Les expertises scientifiques ont été nombreuses, avec toutes les techniques possible. La plupart arrivent à la même conclusion : le suaire de Turin ne date que du Moyen Age. Cela est corroboré par les faits historiques, puisque ce suaire est inconnu des textes avant le 13ème siècle. Vu la formidable passion du monde médiéval pour les reliques, il est inimaginable que le suaire du Christ n’ait pas été mentionné.

Pourtant, certains continuent à tenter de nous faire croire que c’est le bien le linge qui a enveloppé le Christ dans son tombeau. C’est un peu la même quête que pour Louis XVII. On a beau prouver clairement que cet enfant est mort à la prison du temple en 1795, il y en aura toujours pour croire le contraire.

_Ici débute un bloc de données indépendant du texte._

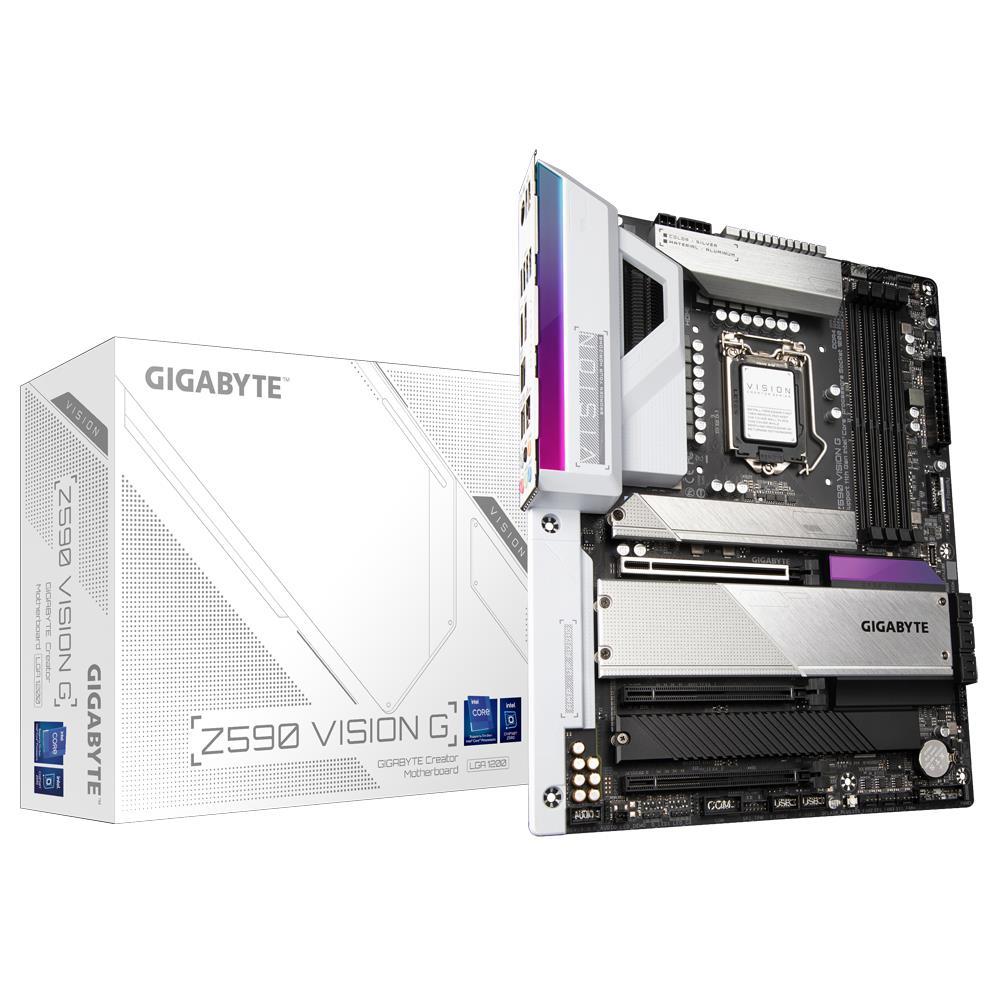 MB Z590 S1200 ATX/Z590 VISION G GIGABYTE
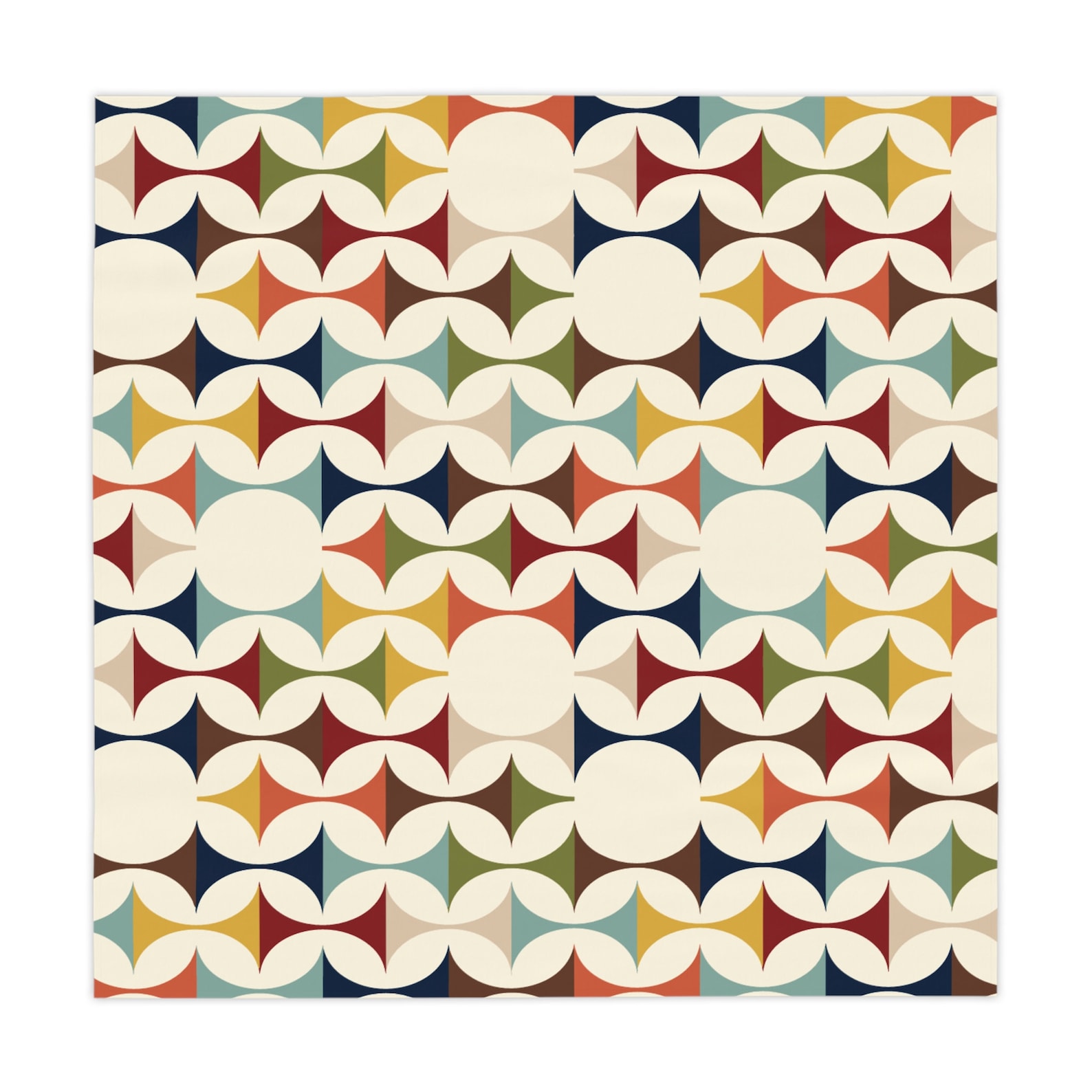 Mid Century Modern Retro Geome - Century Textile & Sewing Supply review and price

Je croise cela avec ma lecture en cours « La critique et la conviction », de Paul Ricoeur. Il y développe un discours sur la résurrection qui me semble très pertinent. Jésus est mort physiquement le vendredi saint, le récit de cette mort est connu, bien détaillé dans les évangiles. L’opinion courante conçoit cette résurrection comme une sortie du tombeau. Au bout de trois jours, Jésus se lève et sort, comme Lazare avant lui. Une résurrection physique, qui suit une mort physique. Ricoeur lit autrement cette résurrection. Pour lui, Jésus de revient pas physiquement sur terre. Après sa mort, s’écoule un temps de latence, « le tombeau vide », accompagné de signes montrant que les disciples cherchent Jésus là où il n’est pas. La vraie résurrection, c’est lors de la pentecôte, quand la communauté reconnaît Jésus comme le Christ, qui ressuscite ainsi, mais dans les esprits et les cœurs. Pour Ricoeur, l’évangile de Marc va même plus loin, en laissant penser que Jésus ignore qu’il était le Messie, destiné à être le fondateur d’une nouvelle église, et que sa mission ne pouvait s’accomplir que par sa mort physique, et par la réappropriation de son message, de son histoire et de son charisme par une communauté dont il est le ciment.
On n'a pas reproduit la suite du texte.